WORK TO COMPLETE:
In the listing below, find the line containing "Werkplaats Executieve functies" and the line containing "Kendiliğinden Yetişen Vitamin", then copy exactly everything from the first through the second, except the pictures.

DATA SUPPLIED:
== Segment start ==

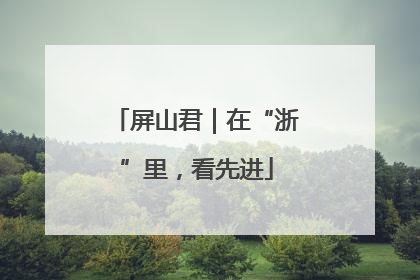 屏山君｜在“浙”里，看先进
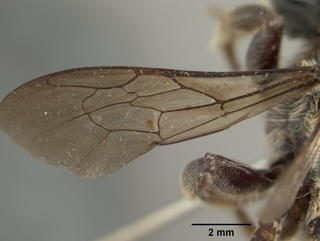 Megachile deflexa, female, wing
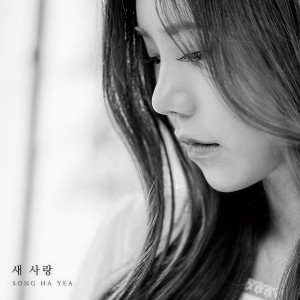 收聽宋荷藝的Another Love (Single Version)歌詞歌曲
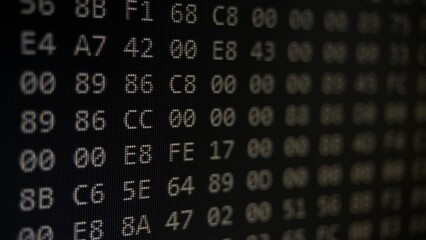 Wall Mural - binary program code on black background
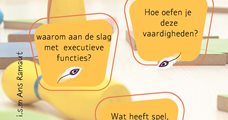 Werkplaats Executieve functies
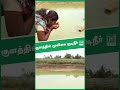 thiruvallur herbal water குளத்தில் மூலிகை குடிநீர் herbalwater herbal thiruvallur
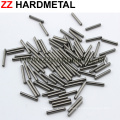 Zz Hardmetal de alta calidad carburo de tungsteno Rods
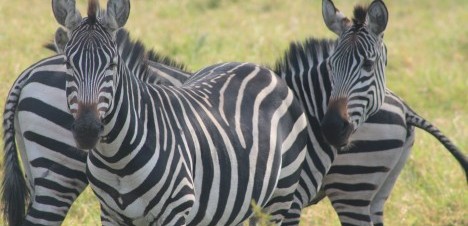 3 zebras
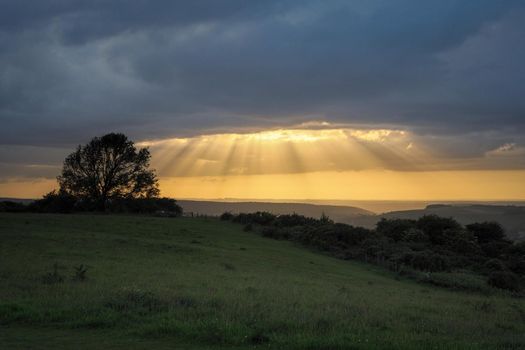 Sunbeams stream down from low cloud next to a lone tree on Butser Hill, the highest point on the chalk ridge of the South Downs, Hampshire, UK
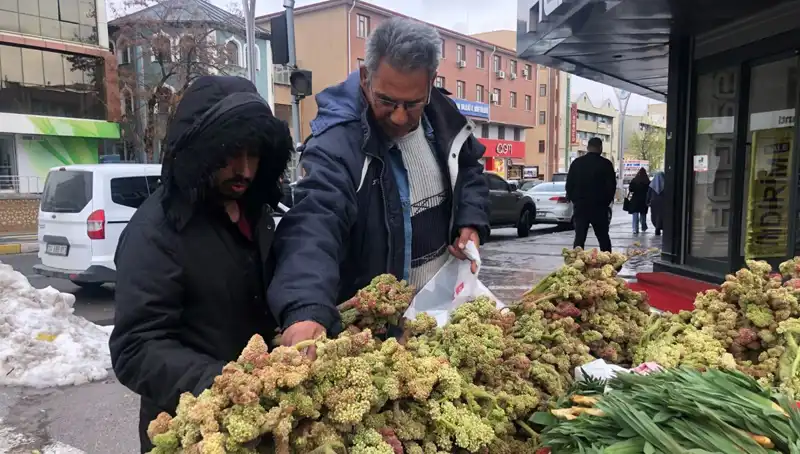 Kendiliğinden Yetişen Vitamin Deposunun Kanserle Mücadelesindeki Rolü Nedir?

== Segment end ==
== Segment start ==

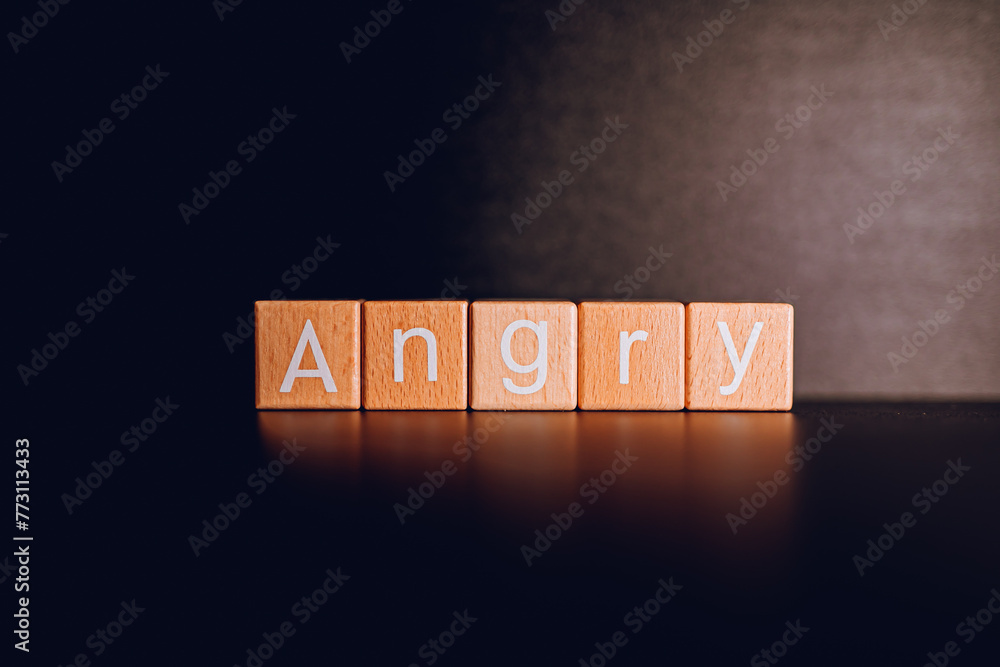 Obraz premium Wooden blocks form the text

== Segment end ==
== Segment start ==

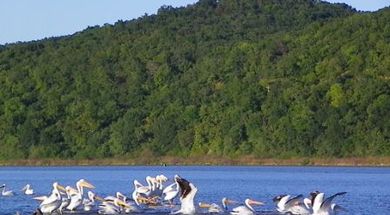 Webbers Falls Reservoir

== Segment end ==

TASK OUTPUT:
 Werkplaats Executieve functies
 thiruvallur herbal water குளத்தில் மூலிகை குடிநீர் herbalwater herbal thiruvallur
 Zz Hardmetal de alta calidad carburo de tungsteno Rods
 3 zebras
 Sunbeams stream down from low cloud next to a lone tree on Butser Hill, the highest point on the chalk ridge of the South Downs, Hampshire, UK
 Kendiliğinden Yetişen Vitamin Deposunun Kanserle Mücadelesindeki Rolü Nedir?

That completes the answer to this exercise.